Methods for improving unfamiliar face matching

Dowsett, Andrew James January 2015 (has links)
Matching unfamiliar faces is known to be a very difficult task. Yet, despite this, we frequently rely on this method to verify people's identity in high security situations, such as at the airport. Because of such security implications, recent research has focussed on investigating methods to improve our ability to match unfamiliar faces. This has involved methods for improving the document itself, such that photographic-ID presents a better representation of an individual, or training matchers to be better at the task. However, to date, no method has demonstrated significant improvements that would allow the technique to be put into practice in the real world. The experiments in this thesis therefore further explore methods to improve unfamiliar face matching. In the first two chapters both variability and feedback are examined to determine if these previously used techniques do produce reliable improvements. Results show that variability is only of use when training to learn a specific identity, and feedback only leads to improvements when the task is difficult.

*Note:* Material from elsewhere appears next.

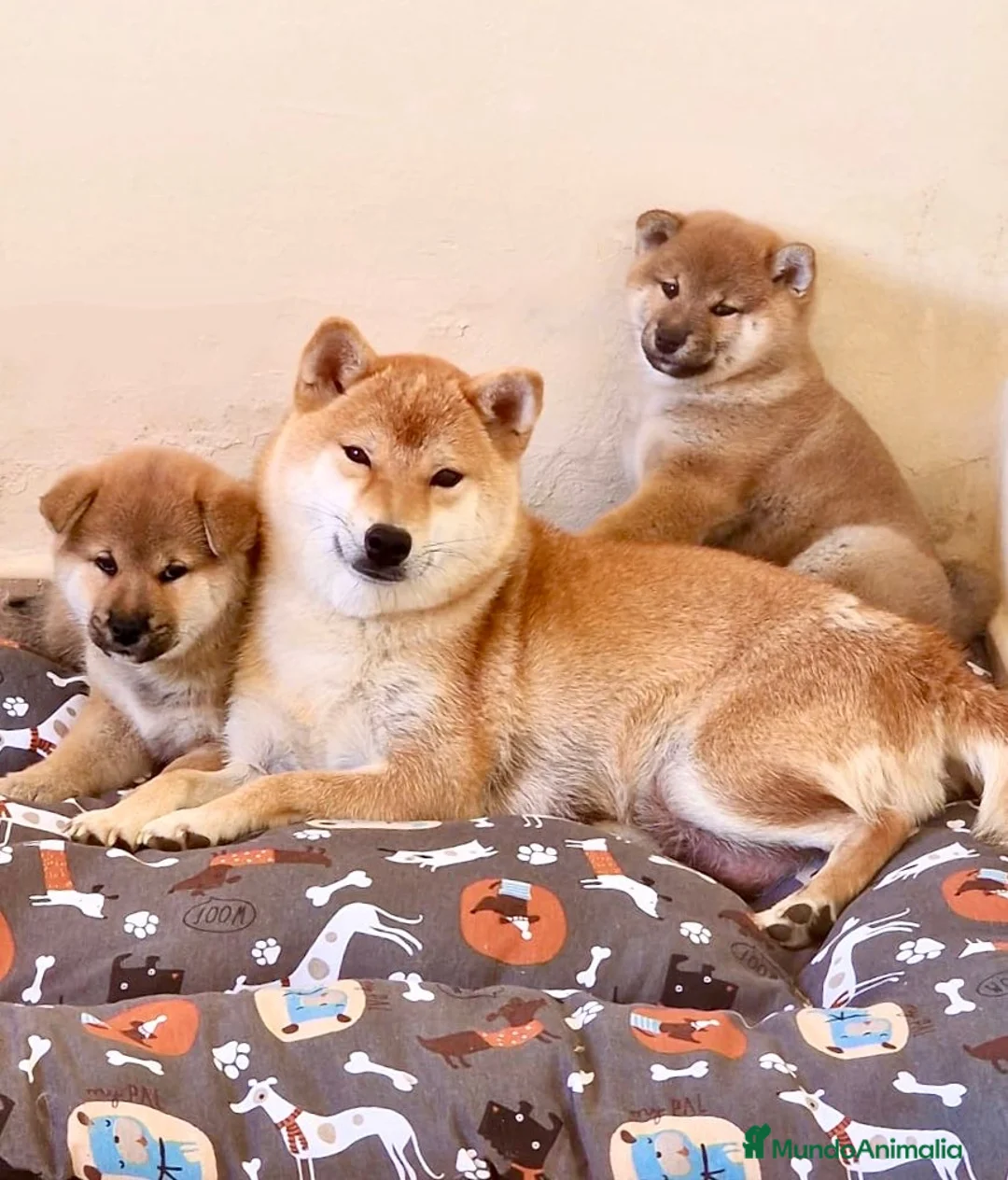 Imagen de galería {{count}}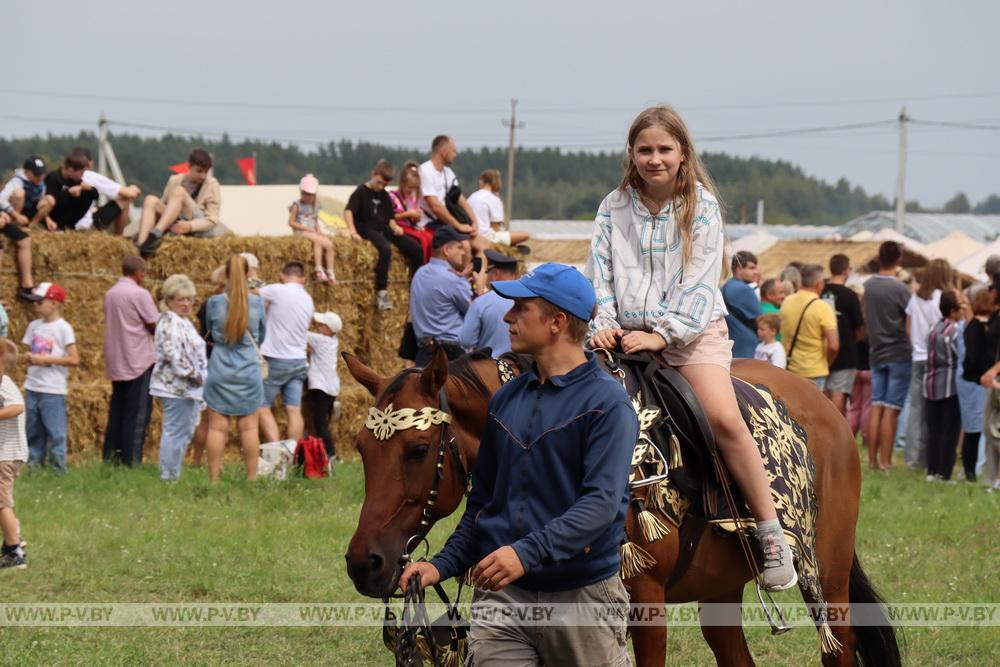 Ловили карпов руками, прыгали в пену – «Полесский вьюн» удивлял развлечениями на любой возраст и вкус Ловили карпов руками, прыгали в пену – «Полесский вьюн» удивлял развлечениями на любой возраст и вкус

In the final chapter, collaboration is explored as a new method for improving unfamiliar face matching in general. Asking two people to perform the task together did produce consistent accuracy improvements, and importantly, also demonstrated individual training benefits. Overall, the results further demonstrate that unfamiliar face matching is difficult, and although finding methods to improve this is not straightforward, collaboration does appear to be successful and worth exploring further. The findings are discussed in relation to previous attempts at improving unfamiliar face matching, and the effect these may have on real world applications.